In Hong Kong, a group created to promote the use of Cantonese was pushed to close, after authorities raided its founder’s family home last week.
To justify the move, the government cited a controversial national security law and asked the foundation to remove all traces of a fictional three-year-old short story.
The raid has been viewed as another blast on freedom of expression in Hong Kong.
The story (written as an essay) explores the narrative of a man who emigrated from Hong Kong to the UK with his parents in 2020 – the year the national security law was imposed. After the death of his parents in 2050, the man visits Hong Kong, only to find the city’s history washed away by authoritarian rule.
The article ends with the phrase, “The struggle of man against power is the struggle of memory against forgetting,” which was written by the late Czech novelist Milan Kundera. Kundera’s large body of work is often critical of Czechoslovak communism.
Speaking to the BBC, The Hong Kong Language Learning Association’s founder Andrew Chan said that he decided to cease operations at the organization upon gaining legal advice.
“My biggest concern is the safety of my family members and friends in Hong Kong.
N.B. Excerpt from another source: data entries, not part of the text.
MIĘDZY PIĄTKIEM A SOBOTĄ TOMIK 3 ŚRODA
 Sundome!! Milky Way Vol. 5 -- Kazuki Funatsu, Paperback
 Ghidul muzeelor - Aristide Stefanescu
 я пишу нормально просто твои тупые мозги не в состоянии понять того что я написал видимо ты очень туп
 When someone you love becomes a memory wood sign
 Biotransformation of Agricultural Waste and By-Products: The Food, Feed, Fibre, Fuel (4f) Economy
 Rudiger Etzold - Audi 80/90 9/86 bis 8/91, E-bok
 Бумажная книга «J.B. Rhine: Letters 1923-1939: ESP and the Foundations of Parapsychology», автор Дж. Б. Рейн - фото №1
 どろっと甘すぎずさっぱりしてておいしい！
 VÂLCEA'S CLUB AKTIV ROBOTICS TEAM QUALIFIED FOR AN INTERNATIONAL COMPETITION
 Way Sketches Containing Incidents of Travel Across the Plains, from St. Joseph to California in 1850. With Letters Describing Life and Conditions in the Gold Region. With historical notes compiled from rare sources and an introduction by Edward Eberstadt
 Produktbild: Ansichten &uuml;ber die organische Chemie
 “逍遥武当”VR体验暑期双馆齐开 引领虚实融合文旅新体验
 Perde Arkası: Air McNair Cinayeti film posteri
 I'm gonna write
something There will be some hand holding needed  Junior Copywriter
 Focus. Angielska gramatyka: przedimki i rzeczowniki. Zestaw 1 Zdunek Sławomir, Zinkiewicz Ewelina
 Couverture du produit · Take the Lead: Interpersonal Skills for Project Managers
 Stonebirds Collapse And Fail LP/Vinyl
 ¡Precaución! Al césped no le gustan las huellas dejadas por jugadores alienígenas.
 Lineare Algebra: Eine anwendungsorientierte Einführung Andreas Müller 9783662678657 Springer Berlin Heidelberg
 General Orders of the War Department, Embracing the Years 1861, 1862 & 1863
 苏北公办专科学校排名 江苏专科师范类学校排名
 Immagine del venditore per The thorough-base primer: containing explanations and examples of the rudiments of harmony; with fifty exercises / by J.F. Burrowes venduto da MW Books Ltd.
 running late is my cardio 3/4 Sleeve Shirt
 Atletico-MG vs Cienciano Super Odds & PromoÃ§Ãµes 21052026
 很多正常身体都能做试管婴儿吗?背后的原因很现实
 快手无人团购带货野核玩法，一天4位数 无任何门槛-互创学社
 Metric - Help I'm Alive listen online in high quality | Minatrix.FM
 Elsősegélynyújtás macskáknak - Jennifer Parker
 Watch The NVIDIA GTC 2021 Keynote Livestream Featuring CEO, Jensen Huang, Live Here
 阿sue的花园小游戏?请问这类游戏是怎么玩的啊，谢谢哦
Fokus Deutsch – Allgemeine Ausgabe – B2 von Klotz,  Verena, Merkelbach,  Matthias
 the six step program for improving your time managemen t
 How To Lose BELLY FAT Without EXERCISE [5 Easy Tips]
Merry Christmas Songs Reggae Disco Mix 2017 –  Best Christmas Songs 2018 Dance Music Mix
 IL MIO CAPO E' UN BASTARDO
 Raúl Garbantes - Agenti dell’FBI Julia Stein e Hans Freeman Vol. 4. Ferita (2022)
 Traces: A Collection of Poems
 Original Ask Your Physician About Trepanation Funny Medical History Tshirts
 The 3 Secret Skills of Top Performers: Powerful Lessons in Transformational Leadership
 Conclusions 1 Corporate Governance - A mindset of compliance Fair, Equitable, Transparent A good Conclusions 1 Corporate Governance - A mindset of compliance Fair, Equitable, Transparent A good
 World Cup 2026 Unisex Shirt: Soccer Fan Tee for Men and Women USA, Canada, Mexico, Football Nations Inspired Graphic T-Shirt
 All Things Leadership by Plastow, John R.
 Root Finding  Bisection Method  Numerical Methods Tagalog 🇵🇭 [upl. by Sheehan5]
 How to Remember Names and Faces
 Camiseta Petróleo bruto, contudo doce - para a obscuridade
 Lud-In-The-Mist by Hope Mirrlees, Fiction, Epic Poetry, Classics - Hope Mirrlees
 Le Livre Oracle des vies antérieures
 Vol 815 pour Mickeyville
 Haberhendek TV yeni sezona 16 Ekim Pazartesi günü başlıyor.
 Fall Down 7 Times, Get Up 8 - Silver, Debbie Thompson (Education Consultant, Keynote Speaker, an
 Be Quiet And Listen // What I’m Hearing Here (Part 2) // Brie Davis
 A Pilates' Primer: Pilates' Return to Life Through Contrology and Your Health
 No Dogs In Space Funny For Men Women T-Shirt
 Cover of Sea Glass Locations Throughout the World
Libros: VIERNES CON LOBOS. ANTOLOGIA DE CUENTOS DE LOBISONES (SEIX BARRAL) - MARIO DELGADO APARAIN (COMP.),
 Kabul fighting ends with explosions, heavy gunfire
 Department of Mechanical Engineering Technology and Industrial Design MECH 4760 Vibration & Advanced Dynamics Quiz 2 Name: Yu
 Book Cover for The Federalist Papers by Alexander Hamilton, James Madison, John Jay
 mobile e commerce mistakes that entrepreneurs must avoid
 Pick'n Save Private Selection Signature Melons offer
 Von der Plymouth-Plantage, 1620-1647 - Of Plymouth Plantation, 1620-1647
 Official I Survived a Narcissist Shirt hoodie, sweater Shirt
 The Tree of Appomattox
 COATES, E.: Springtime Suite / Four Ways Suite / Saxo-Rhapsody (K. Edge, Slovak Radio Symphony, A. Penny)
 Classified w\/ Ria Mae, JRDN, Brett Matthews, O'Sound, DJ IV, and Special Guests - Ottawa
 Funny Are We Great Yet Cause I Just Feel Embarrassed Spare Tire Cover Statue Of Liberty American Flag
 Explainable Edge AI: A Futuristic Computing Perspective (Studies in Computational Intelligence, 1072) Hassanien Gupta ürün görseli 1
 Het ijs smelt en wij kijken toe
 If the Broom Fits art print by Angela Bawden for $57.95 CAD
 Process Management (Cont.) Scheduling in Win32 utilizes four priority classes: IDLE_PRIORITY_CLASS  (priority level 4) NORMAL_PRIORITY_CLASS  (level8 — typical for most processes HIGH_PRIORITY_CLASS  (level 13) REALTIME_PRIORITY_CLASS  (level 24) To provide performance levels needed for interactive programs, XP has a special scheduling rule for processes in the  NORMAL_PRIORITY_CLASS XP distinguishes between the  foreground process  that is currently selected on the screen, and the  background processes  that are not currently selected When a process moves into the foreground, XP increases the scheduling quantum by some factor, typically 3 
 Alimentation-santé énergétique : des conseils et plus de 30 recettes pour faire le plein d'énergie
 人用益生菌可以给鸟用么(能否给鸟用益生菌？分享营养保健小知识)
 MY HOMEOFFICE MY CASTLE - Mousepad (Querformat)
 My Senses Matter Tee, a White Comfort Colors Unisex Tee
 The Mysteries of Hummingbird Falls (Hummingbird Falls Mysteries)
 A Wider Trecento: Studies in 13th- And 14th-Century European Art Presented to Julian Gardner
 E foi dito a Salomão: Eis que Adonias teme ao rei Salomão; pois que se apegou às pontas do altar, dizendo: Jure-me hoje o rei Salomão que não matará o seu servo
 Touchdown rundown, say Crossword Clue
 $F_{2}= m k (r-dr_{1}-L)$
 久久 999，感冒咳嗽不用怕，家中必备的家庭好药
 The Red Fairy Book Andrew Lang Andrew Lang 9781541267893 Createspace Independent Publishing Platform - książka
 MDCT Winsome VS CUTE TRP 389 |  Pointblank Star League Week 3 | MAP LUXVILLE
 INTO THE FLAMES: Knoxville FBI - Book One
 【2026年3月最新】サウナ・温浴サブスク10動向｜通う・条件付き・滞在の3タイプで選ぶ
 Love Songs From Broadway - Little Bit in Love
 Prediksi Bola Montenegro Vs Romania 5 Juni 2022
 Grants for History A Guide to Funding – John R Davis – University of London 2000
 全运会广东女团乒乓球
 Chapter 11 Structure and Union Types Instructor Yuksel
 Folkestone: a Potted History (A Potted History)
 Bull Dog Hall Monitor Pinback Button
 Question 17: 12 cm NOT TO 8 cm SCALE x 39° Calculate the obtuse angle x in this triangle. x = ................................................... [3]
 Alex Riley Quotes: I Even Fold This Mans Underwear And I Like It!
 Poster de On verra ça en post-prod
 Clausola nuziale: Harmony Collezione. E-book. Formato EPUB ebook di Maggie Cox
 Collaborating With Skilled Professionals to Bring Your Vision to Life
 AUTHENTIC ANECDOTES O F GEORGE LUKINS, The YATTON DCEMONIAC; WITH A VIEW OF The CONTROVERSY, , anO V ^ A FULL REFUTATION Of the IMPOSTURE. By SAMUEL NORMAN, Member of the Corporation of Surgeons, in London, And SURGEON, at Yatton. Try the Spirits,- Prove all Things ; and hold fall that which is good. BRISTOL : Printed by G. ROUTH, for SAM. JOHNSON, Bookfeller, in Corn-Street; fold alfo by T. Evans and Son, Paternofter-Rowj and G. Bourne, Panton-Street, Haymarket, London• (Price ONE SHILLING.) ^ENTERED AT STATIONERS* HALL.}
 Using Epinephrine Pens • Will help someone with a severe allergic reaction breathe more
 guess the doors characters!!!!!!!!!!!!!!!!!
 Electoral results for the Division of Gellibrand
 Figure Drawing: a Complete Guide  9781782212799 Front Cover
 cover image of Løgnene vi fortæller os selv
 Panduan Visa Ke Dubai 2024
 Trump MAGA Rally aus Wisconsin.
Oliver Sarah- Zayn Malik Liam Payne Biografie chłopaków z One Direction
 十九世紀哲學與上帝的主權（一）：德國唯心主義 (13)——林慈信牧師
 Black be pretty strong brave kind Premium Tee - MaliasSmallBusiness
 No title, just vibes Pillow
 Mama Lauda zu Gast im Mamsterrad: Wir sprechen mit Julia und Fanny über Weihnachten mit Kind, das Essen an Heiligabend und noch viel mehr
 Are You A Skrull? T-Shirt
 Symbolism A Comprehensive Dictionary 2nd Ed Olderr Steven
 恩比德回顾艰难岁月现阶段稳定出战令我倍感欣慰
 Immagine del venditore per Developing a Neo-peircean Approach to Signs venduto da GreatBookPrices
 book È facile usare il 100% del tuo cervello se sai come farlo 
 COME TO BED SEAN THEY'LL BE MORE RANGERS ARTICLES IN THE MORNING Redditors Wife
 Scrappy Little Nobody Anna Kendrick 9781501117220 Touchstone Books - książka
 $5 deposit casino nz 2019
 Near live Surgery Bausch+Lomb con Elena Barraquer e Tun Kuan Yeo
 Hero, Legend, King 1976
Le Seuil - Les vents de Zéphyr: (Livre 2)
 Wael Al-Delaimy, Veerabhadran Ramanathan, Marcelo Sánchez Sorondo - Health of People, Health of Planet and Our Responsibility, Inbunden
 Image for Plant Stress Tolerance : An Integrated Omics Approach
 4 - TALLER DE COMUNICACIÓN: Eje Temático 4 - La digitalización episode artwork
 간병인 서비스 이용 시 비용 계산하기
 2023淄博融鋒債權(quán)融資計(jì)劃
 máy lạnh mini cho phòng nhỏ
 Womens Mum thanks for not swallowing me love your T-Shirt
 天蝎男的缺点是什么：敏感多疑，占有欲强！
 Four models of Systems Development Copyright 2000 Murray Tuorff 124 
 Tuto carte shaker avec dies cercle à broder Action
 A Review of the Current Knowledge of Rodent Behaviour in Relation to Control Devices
I found out that if I did not shut down the organization, they could keep using the materials online, and harass the people I care about,” he said. Mr Chan is 28 and teaches Chinese and Cantonese online.
Cantonese is spoken by an overwhelming majority of people in the city, in addition to the Guangdong province in China.
Mr Chan founded the Hong Kong Language Learning Association with a mission and ethos of protecting “language rights of the Hong Kong people”.
Tensions between Hong Kong and mainland China have commonly arisen around language, identity, and differences in political convictions.